[What to do]:
If a line in the entries below contains the word "Bathroom", it counts; report how many such lines there are, and only that number.
[[ Task inputs open ]]
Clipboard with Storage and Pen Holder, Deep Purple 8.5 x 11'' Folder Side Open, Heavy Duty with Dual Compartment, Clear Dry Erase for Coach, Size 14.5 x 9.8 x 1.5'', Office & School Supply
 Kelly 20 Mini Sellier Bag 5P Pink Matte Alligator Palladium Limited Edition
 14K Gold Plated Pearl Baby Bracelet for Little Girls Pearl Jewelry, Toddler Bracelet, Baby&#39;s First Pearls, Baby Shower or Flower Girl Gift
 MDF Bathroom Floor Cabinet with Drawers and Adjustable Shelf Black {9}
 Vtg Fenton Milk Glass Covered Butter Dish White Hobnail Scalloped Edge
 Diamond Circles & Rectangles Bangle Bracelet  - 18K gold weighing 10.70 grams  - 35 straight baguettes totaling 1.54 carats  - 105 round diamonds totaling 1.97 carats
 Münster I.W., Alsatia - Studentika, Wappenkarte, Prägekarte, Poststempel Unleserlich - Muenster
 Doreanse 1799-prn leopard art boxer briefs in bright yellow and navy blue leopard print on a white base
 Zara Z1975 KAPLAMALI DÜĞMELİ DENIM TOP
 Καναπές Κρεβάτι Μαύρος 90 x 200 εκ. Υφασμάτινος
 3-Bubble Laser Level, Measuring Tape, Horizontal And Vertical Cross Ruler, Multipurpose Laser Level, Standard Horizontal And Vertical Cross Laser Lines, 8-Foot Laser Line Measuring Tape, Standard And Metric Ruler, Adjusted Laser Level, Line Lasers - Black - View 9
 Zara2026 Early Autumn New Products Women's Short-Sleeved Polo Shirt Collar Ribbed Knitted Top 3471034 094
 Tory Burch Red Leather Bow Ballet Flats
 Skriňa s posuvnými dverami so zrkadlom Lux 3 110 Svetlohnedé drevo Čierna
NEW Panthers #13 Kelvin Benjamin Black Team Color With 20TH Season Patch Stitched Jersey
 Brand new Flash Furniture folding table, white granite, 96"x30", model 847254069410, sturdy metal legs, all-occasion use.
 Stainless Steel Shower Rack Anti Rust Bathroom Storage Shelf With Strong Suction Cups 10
[[ Task inputs closed ]]
[Response below]:
2